In California, the applicable statute of limitations to enforce an ERISA plan under section 1132 is four years. Northern California Retail Clerks Unions Food Employers Joint Pension Trust v. Jumbo Markets, 906 F.2d 1371, 1372 (9th Cir. 1990) (applying California Code of Civil Procedure § 337). The statute begins to run when the plaintiff "knows or has reason to know" of the injury. Id. at 1373. This period may begin when trustees commence an audit of employer practices, if it provides them with reason to know of plan violations.
Based on this record, there are disputed issues of fact as to the precise period for which Eshelman was employed by defendant following the 1999-2002 audit, and as to whether, given the 1999-2002 audit conducted by plaintiffs, they knew or should have known that they were entitled to recover contributions for Eshelman.
In ruling on summary judgment, a court must view evidence, such as the prior audits, in the light most favorable to the party opposing the motion.

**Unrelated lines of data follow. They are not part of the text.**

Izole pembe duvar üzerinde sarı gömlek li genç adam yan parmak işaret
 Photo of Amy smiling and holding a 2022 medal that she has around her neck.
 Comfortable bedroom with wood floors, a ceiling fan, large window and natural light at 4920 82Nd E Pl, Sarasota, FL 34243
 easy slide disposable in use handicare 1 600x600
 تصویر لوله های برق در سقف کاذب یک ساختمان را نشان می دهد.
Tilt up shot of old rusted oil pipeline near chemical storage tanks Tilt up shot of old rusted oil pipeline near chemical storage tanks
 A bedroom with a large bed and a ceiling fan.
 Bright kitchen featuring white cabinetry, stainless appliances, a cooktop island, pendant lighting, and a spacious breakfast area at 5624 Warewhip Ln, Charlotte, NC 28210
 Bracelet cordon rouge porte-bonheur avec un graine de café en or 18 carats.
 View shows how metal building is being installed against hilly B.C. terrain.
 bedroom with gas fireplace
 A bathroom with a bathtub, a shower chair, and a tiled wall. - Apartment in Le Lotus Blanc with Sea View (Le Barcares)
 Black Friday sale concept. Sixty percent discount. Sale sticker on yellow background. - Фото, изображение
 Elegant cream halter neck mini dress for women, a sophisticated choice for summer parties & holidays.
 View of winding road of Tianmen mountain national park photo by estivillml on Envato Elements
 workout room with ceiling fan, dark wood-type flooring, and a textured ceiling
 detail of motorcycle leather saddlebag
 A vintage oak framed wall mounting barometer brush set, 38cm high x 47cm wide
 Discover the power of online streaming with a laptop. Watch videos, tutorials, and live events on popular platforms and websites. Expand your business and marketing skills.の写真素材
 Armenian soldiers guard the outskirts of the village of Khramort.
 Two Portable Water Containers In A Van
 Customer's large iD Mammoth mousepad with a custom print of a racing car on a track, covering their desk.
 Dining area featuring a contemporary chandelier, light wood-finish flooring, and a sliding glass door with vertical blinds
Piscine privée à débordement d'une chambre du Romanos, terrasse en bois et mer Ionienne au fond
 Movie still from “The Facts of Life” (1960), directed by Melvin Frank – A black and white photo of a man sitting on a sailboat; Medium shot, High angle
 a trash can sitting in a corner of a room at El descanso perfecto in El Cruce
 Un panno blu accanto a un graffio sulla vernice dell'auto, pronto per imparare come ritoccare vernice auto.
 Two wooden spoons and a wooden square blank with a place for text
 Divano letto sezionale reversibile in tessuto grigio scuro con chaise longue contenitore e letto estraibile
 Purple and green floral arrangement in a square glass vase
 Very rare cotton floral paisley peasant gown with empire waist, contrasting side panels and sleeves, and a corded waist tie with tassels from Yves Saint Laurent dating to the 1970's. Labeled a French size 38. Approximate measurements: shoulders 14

As to its other employees, defendant has produced no evidence to controvert the evidence provided by plaintiffs that there are unpaid contributions owing on behalf of employees Bautista, Fimbrez, Mendoza, Rostran, Steiner, Yanez, and Londregan for work preformed between April 2004 and September 2006, and on behalf of Platt, a non-bargaining unit personnel, for work performed from May 2005 through September 2006. Accordingly, plaintiffs are awarded summary judgment in the amount of contributions unpaid for these employees: A. Bautista (health and welfare underpayment of $806.10, pension underpayment of $1,000, annuity underpayment of $453.13), G. Fimbrez (health and welfare underpayment of $1,612.20, pension underpayment of $1,235.20, annuity underpayment of $559.70), M. Mendoza (health and welfare underpayment of $1,612.20, pension underpayment of $1369.60, annuity underpayment of $620.61), N. Rostran (health and welfare underpayment of $2,418.30, pension underpayment of $1,588.80, annuity underpayment of $719.93), R. Steiner (health and welfare underpayment of $2,535.30, pension underpayment of $1,567.10, annuity underpayment of $688.75), E. Yanez (health and welfare underpayment of $1,028.87, pension underpayment of $592.85, annuity underpayment of $242.15), R. Londregan (pension underpayment of $155.20 and annuity underpayment of $70.33), and S. Platt (underpayment of $13,879.18). Plaintiffs are also entitled to liquidated damages and interest, but those amounts are not broken down in plaintiffs' papers. Plaintiffs' request for attorneys' fees and costs is not supported by any proof, let alone proof broken down to allow an apportionment consistent with this Order.